Thursday, November 10, 2016

Sometimes the hardest part about being a writer is reaching the end of the workday and feeling like I wasted my time.

I had a very productive day: wrote 11 pages, did some key research, outlined another project and even organized the top of my desk…yet when I stopped work for the day I felt a sense of incompleteness.

As authors we are encouraged to feel satisfaction and accomplishment from showing up every day at our computers and putting even a few words on the page. I wonder if there are other authors who often leave their desk frustrated or filled with fear they are wasting their time and cheating their families from a “real paycheck?”

I stood in front of our family room window after work today, sipping decaf coffee watching a new neighbor building their home. Excavators were digging a septic system. Concrete workers prepared the garage floor to be poured, while others sealed the concrete basement so it could be backfilled.

Watching these hardworking people I knew they would go home feeling they accomplished something. The house wasn’t complete, just like my novel wasn’t complete. So why can’t I feel their sense of having worked hard today.

My conclusion is this: First, they are being paid every day for their accomplishment. Second, they have bosses and co-workers telling them (hopefully regularly) job well done.

I love what I do, but I enter each day not knowing if the work I do today will ever generate interest or income. Quite frankly, most of us need income. And that income is also a validation of our efforts, paid to most, daily, weekly or bi-weekly.  Even writers earning a decent income can’t be sure what they write will be accepted as payment worthy.

And honestly, the only “person” telling me good job at the end of the day is my cat.
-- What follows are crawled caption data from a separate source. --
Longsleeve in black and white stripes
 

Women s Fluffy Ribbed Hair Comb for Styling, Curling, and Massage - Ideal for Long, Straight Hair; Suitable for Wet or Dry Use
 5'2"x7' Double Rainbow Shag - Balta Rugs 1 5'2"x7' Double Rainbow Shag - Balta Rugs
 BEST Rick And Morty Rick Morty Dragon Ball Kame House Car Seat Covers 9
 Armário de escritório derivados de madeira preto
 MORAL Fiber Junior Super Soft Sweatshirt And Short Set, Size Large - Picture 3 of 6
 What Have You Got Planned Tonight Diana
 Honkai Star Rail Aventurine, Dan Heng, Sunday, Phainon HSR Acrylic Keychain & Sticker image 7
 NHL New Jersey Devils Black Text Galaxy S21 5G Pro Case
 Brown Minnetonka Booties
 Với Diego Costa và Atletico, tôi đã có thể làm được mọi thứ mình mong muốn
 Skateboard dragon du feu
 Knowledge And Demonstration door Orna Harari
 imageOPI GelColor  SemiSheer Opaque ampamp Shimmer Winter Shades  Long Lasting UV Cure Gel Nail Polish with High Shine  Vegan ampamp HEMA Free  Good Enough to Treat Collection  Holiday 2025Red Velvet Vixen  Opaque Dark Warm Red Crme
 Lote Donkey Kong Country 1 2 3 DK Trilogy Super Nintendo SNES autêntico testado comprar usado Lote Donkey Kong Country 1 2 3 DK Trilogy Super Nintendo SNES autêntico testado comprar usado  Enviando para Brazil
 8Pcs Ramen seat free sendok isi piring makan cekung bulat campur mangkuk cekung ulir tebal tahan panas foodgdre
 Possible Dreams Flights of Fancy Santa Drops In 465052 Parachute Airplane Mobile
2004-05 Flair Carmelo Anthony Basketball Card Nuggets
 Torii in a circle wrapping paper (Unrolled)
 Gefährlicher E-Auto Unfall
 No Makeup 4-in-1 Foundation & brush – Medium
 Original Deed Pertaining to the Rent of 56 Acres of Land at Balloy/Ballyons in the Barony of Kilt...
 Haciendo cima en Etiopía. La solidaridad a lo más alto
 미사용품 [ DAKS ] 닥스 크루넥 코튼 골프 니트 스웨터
He feels MY day is worthwhile if I allowed him to sit on my hands while I attempt to type, and if I let him walk all over my notes and mix them up. Today, he gave my chin an extra head bump reward because I successfully kept typing while his tail moved across the keyboard and his paws stepped on the mouse pad.

I’ve read the books telling writers if you write 500 words each day you are succeeding. Plus, all the other seminar-style, ego boosting statements to help writers feel good about our production, and not beaten up when we can’t write anything more than our name at the top of the page. My intellectual brain buys it; but my Xanax eating, wine guzzling, brain doesn’t.

Some days we just need an atta-girl and a paycheck. This life definitely isn’t for everyone, which is where the Xanax and wine come in really handy.